→ TASK STATEMENT
Take the line with "Eibach 2021-2023 Ford" as the first and the last line of the data as the end. Write out both and every line between exactly, except pictures.
[INFORMATION GIVEN]
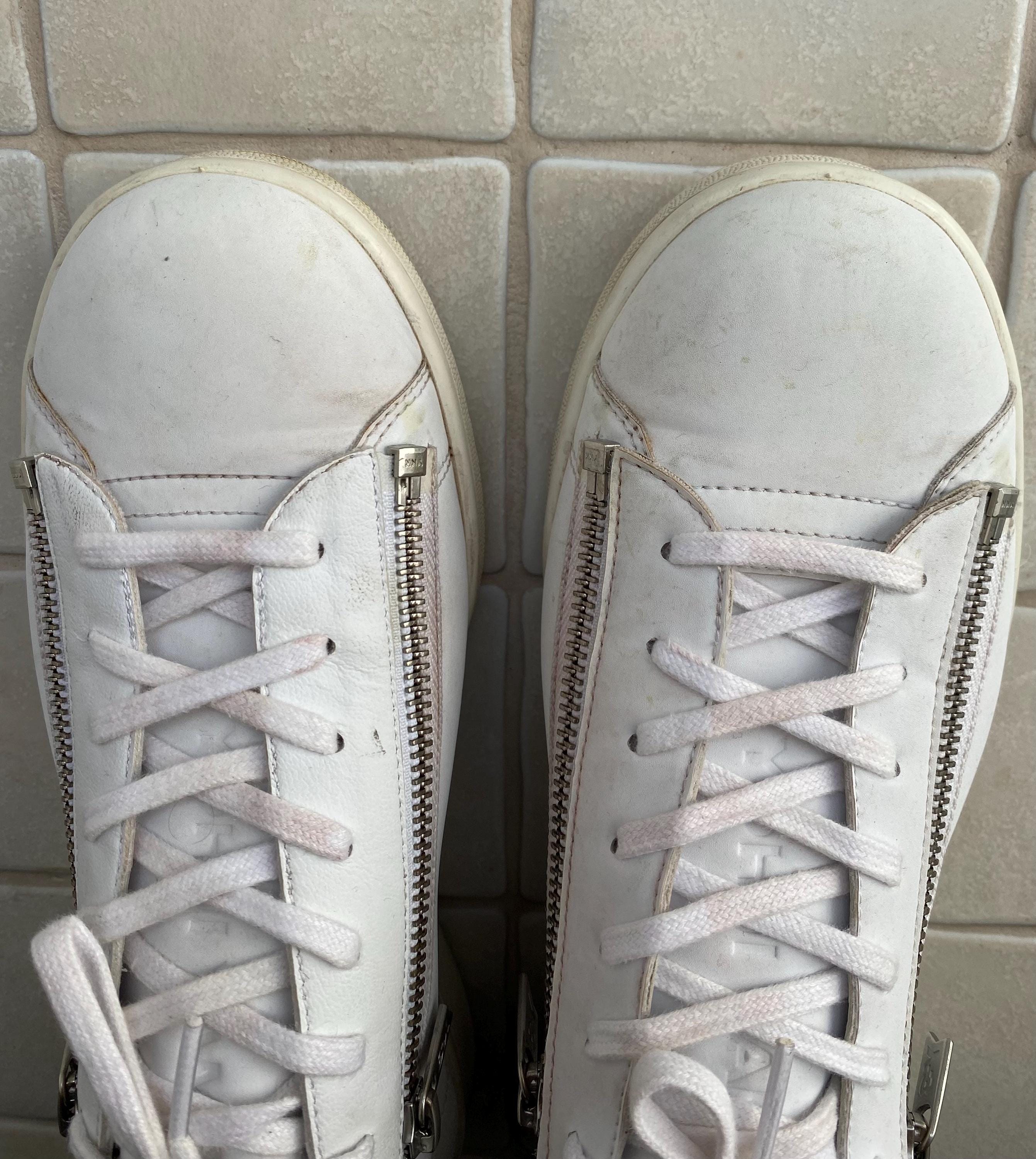 Adidas Y-3 Yohji Yamamoto Stan Zip Sneakers - Etsy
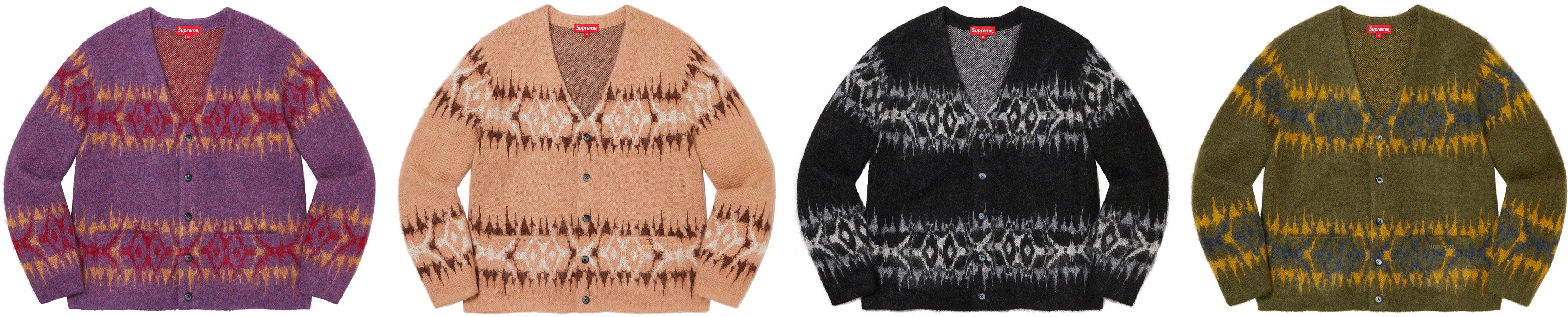 Fall/Winter 2022 Preview – Supreme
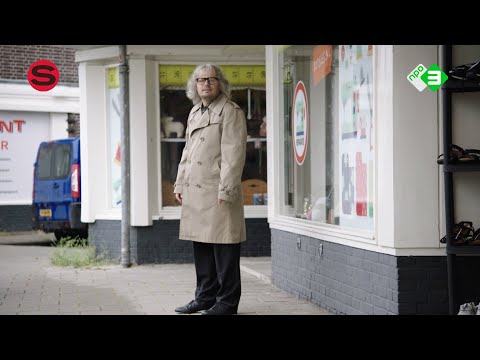 Tapdanser wordt gek - Sluipschutters (S5A8)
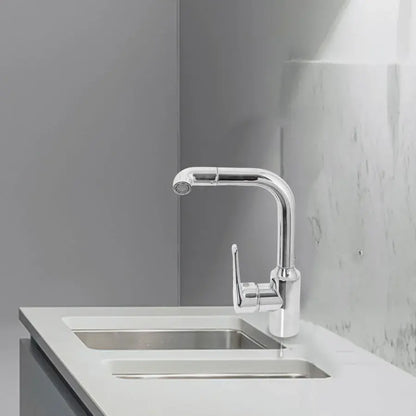 Washbasin της μπαταρίας, Chrome, CP101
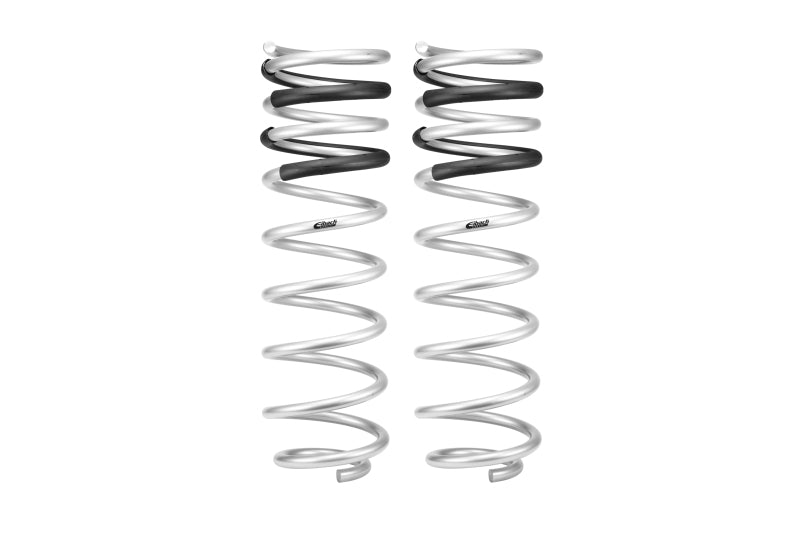 Eibach 2021-2023 Ford F150 Raptor Pro-Lift-Kit HD Rear Springs (Designed to Use OE Fox Electronic Shock) E30-35-060-03-02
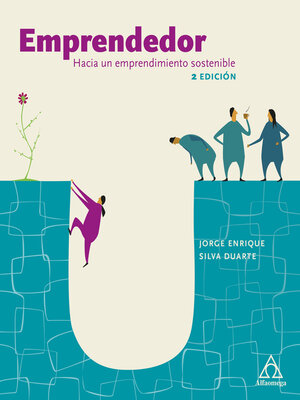 cover image of Emprendedor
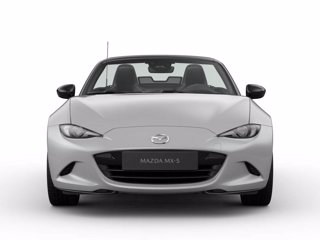 MAZDA Mx-5 rf 1.5 homura driver assistance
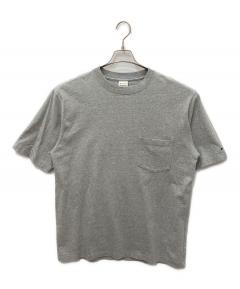 中古・古着通販】sacai (サカイ) Light my fire ／プリントTシャツ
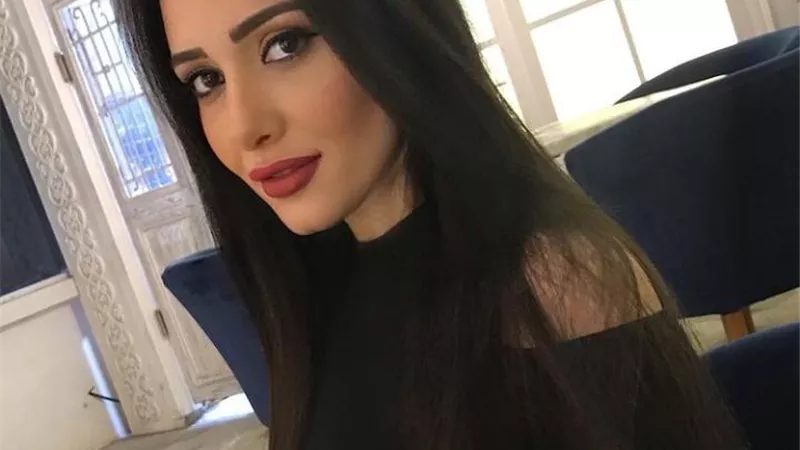 بمكياج ناعم .. ندى عادل تخطف القلوب عبر إنستجرام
[/INFORMATION GIVEN]
→ OUTPUT
 Eibach 2021-2023 Ford F150 Raptor Pro-Lift-Kit HD Rear Springs (Designed to Use OE Fox Electronic Shock) E30-35-060-03-02
 cover image of Emprendedor
 MAZDA Mx-5 rf 1.5 homura driver assistance
 中古・古着通販】sacai (サカイ) Light my fire ／プリントTシャツ
 بمكياج ناعم .. ندى عادل تخطف القلوب عبر إنستجرام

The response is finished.